*** Begin section ***
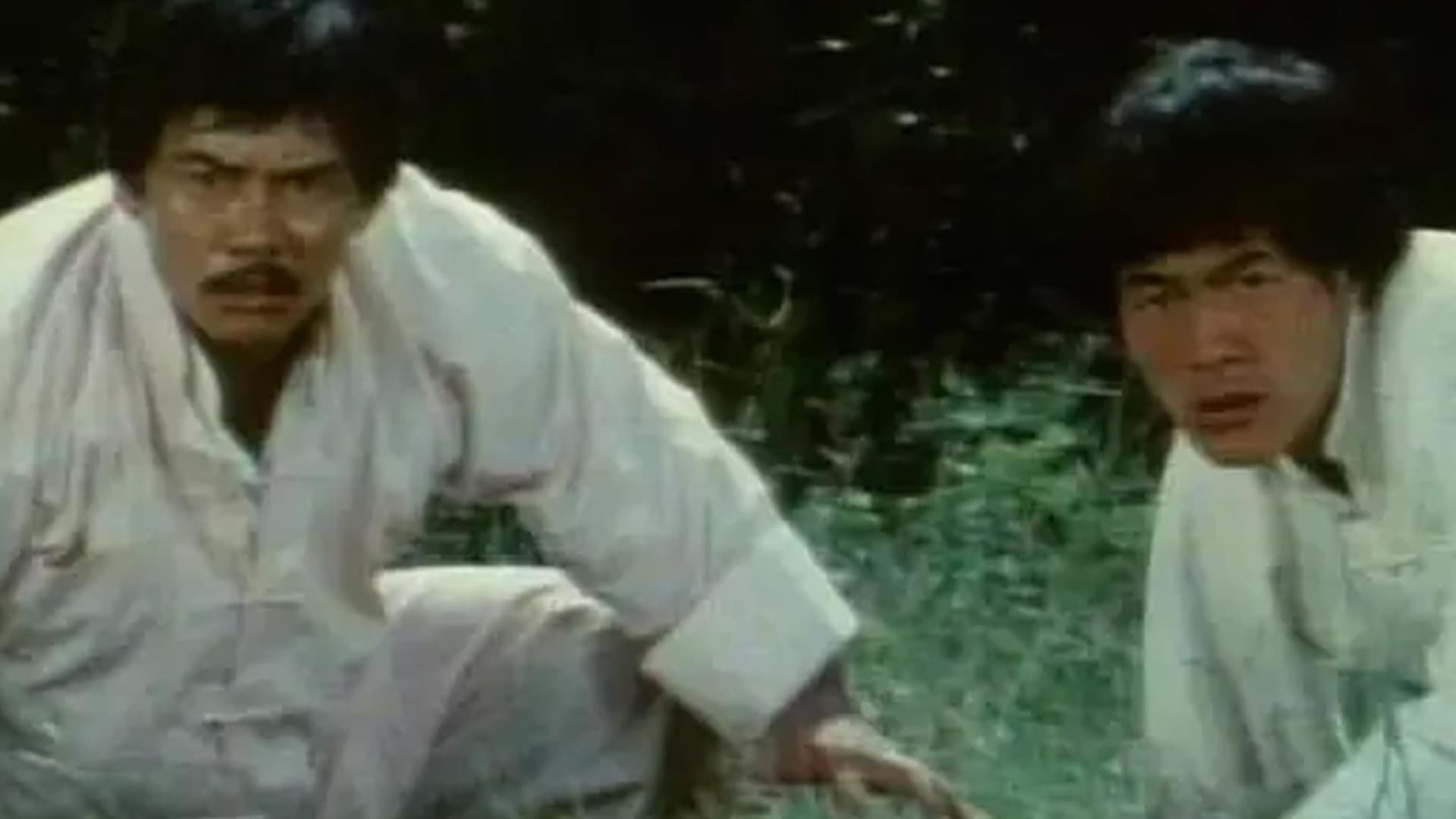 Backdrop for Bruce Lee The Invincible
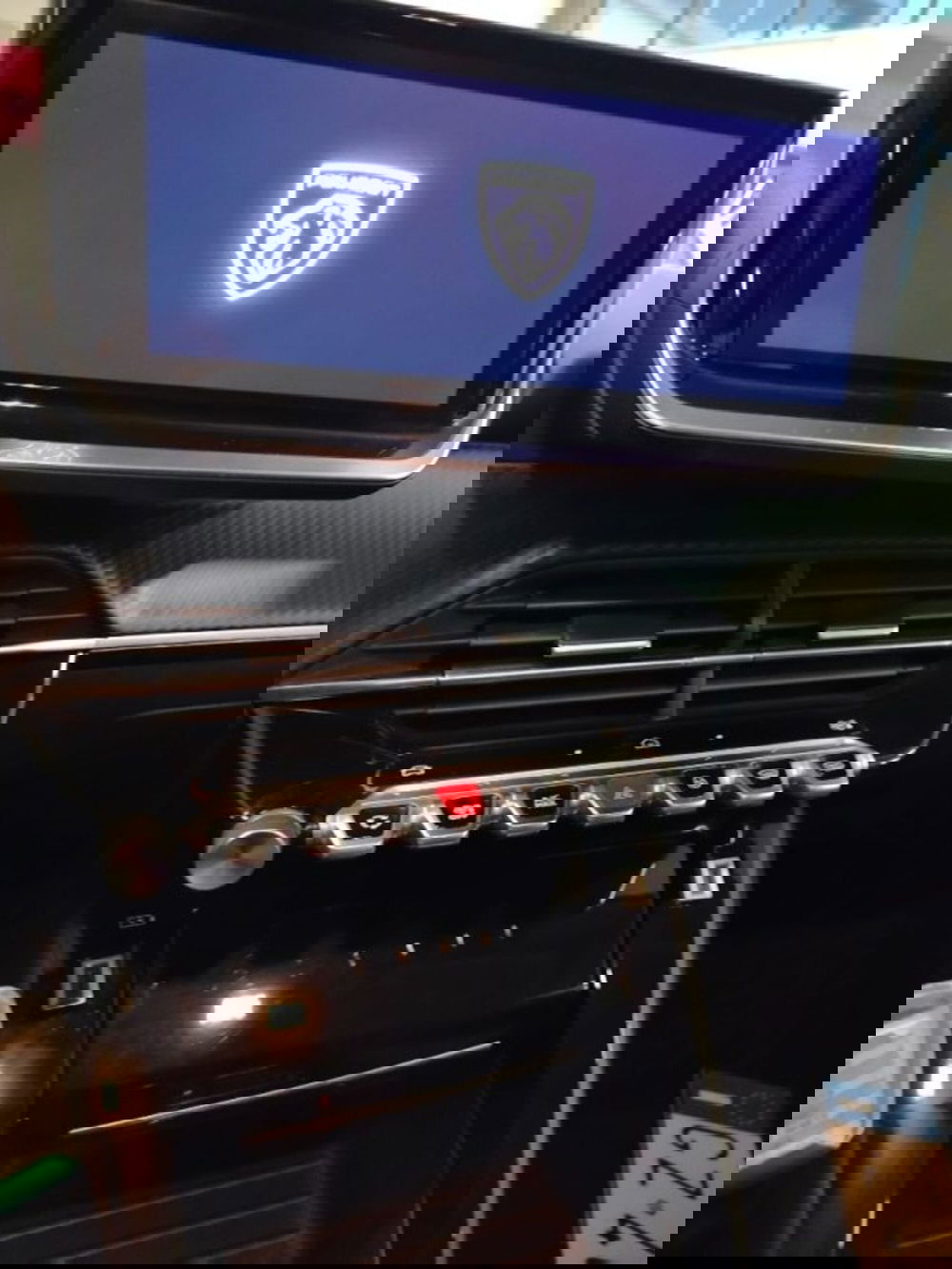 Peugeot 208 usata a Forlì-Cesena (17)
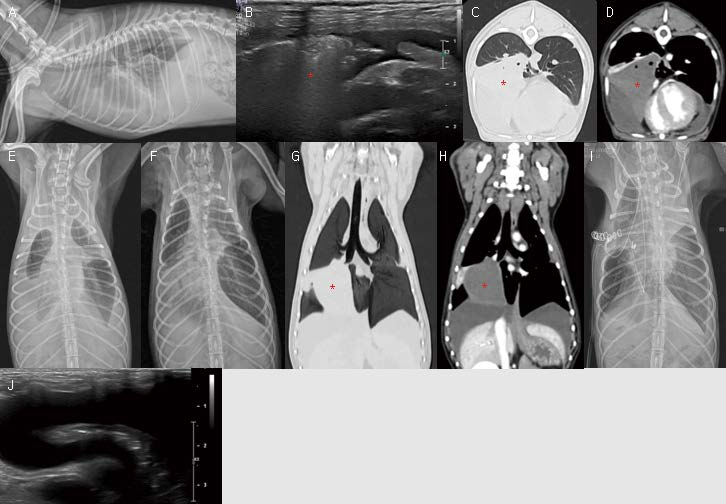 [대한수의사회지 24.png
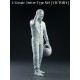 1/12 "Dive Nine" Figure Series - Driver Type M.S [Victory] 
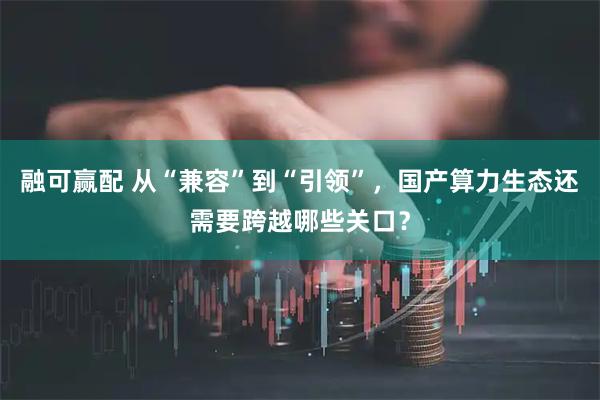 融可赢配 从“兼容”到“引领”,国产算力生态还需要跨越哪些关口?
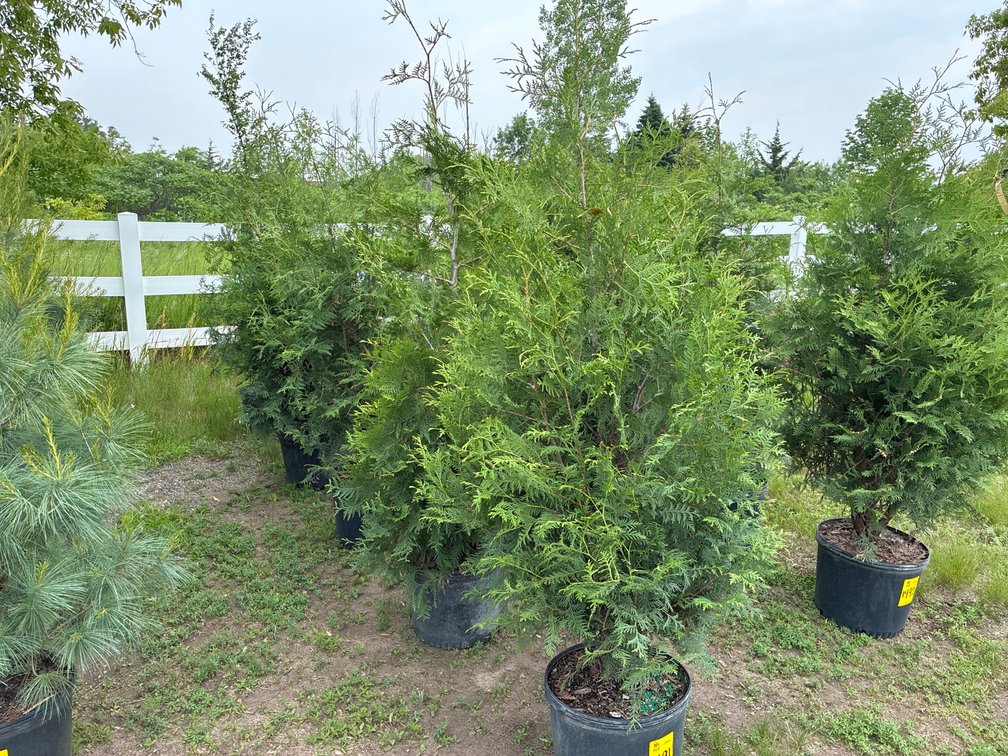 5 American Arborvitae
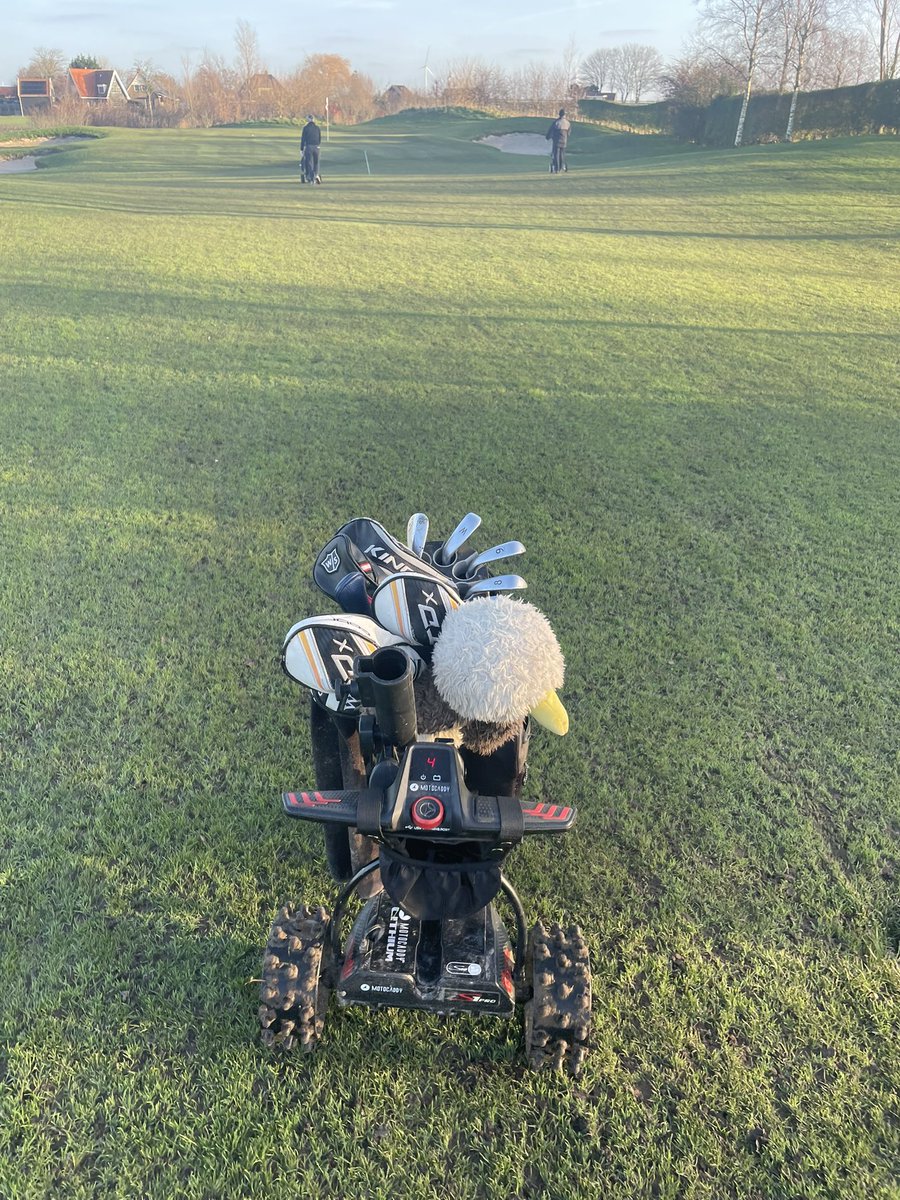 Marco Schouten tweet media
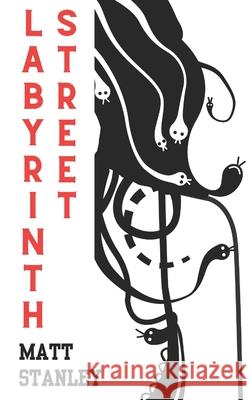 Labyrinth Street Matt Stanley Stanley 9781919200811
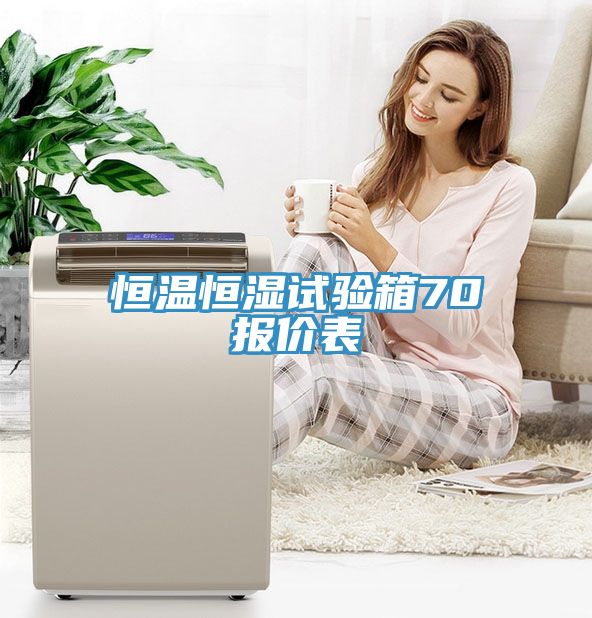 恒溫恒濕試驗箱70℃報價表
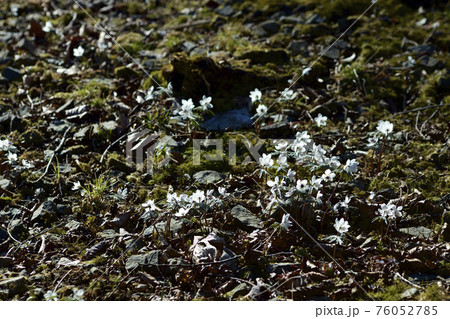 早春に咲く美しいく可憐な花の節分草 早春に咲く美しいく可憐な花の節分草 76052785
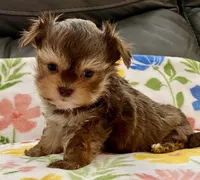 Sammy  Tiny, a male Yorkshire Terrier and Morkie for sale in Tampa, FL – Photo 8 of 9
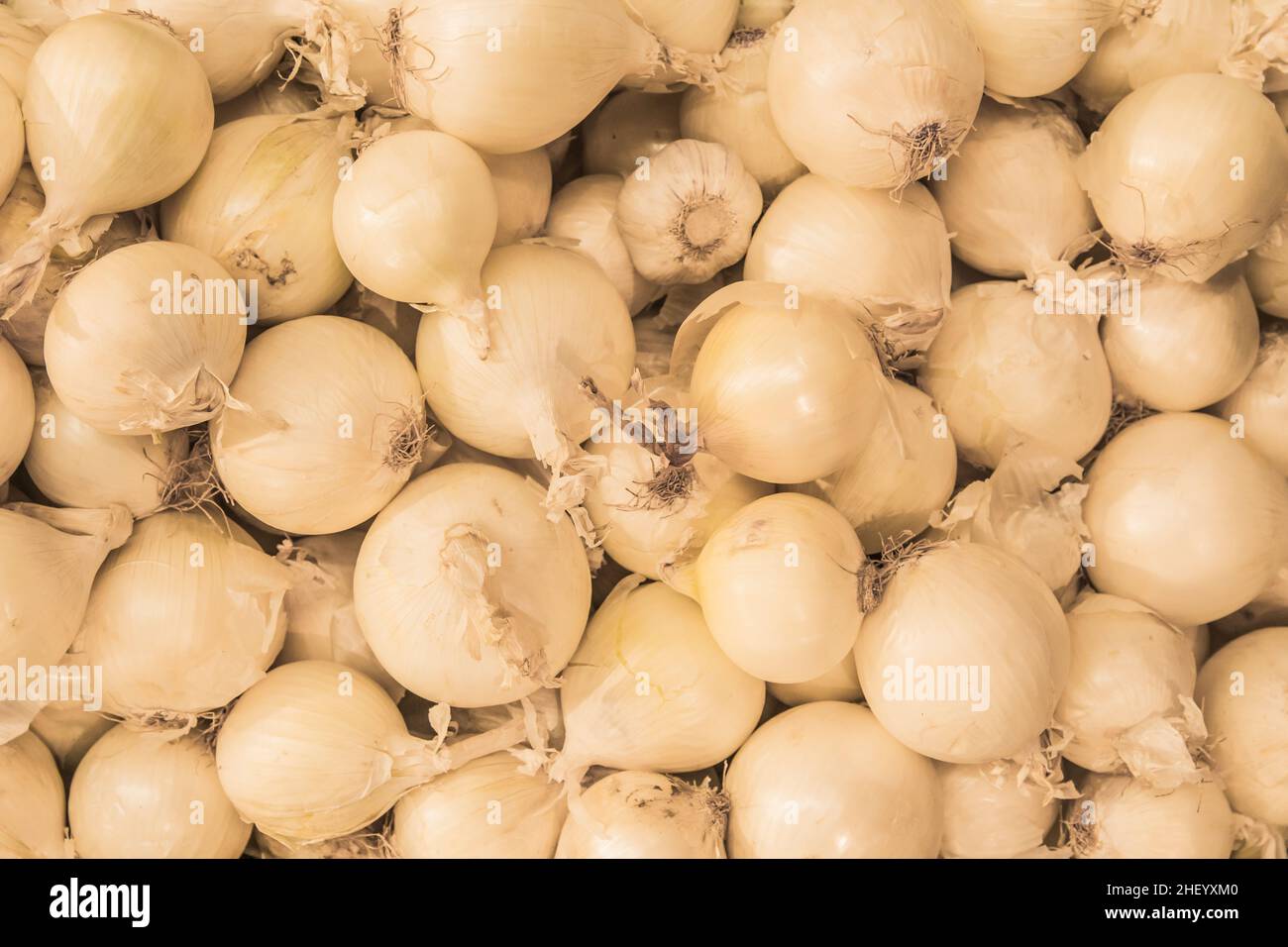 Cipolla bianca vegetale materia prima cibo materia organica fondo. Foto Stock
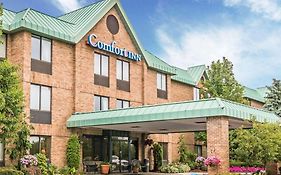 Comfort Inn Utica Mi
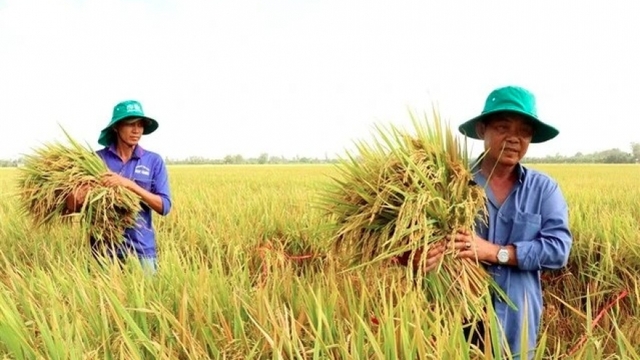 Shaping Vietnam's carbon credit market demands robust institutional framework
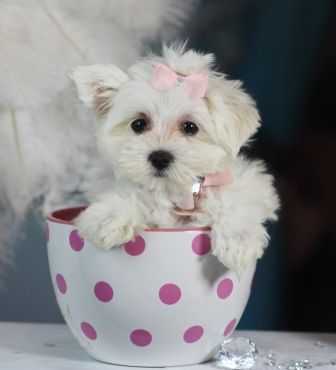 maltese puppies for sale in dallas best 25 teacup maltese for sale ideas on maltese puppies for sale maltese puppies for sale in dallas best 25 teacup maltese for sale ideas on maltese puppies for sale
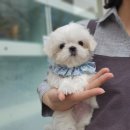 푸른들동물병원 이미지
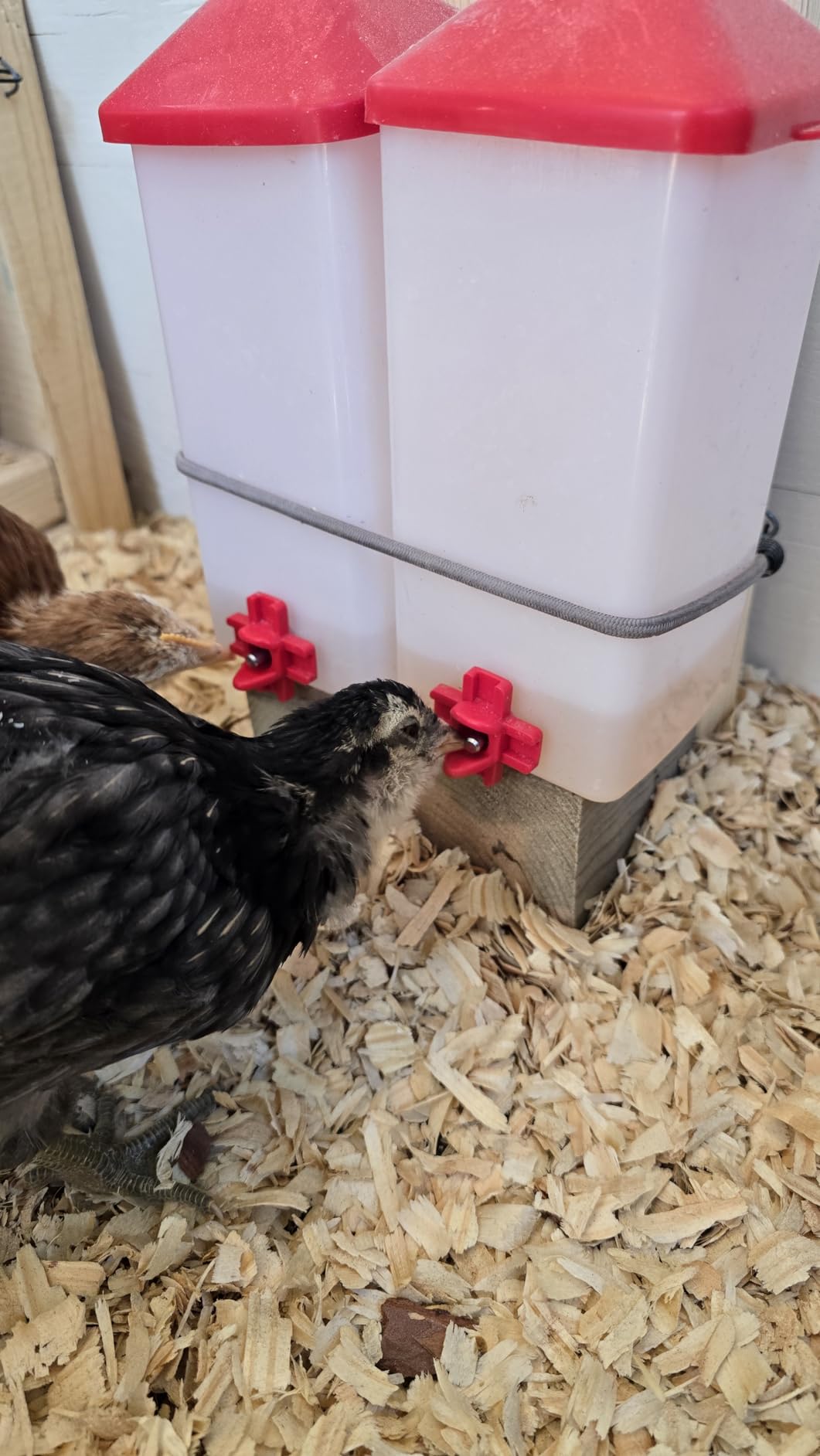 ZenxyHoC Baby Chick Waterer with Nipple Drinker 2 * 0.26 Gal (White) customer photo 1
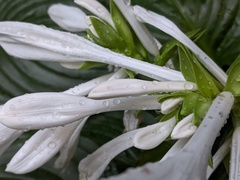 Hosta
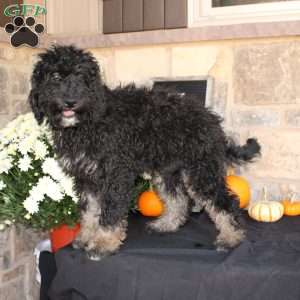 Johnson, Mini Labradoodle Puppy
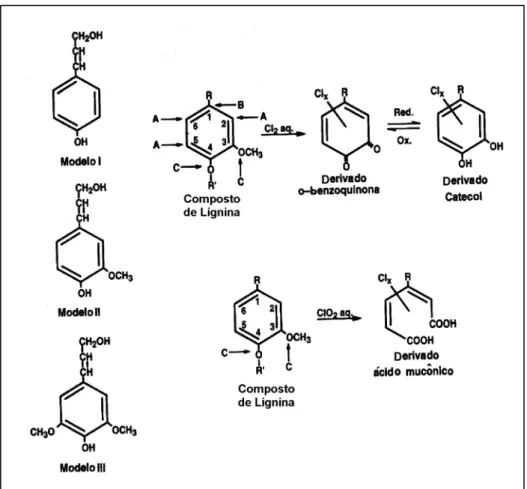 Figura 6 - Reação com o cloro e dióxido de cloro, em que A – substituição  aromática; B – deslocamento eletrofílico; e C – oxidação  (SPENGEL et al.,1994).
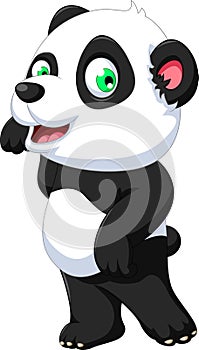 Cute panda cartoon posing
*** End section ***
EXERCISE DETAILS> All records above are to be output verbatim, with their pictures omitted.

SOLUTION>
 Backdrop for Bruce Lee The Invincible
 Peugeot 208 usata a Forlì-Cesena (17)
 [대한수의사회지 24.png
 1/12 "Dive Nine" Figure Series - Driver Type M.S [Victory] 
 融可赢配 从“兼容”到“引领”,国产算力生态还需要跨越哪些关口?
 5 American Arborvitae
 Marco Schouten tweet media
 Labyrinth Street Matt Stanley Stanley 9781919200811
 恒溫恒濕試驗箱70℃報價表
 早春に咲く美しいく可憐な花の節分草 早春に咲く美しいく可憐な花の節分草 76052785
 Sammy  Tiny, a male Yorkshire Terrier and Morkie for sale in Tampa, FL – Photo 8 of 9
 Cipolla bianca vegetale materia prima cibo materia organica fondo. Foto Stock
 Comfort Inn Utica Mi
 Shaping Vietnam's carbon credit market demands robust institutional framework
 maltese puppies for sale in dallas best 25 teacup maltese for sale ideas on maltese puppies for sale maltese puppies for sale in dallas best 25 teacup maltese for sale ideas on maltese puppies for sale
 푸른들동물병원 이미지
 ZenxyHoC Baby Chick Waterer with Nipple Drinker 2 * 0.26 Gal (White) customer photo 1
 Hosta
 Johnson, Mini Labradoodle Puppy
 Figura 6 - Reação com o cloro e dióxido de cloro, em que A – substituição  aromática; B – deslocamento eletrofílico; e C – oxidação  (SPENGEL et al.,1994).
 Cute panda cartoon posing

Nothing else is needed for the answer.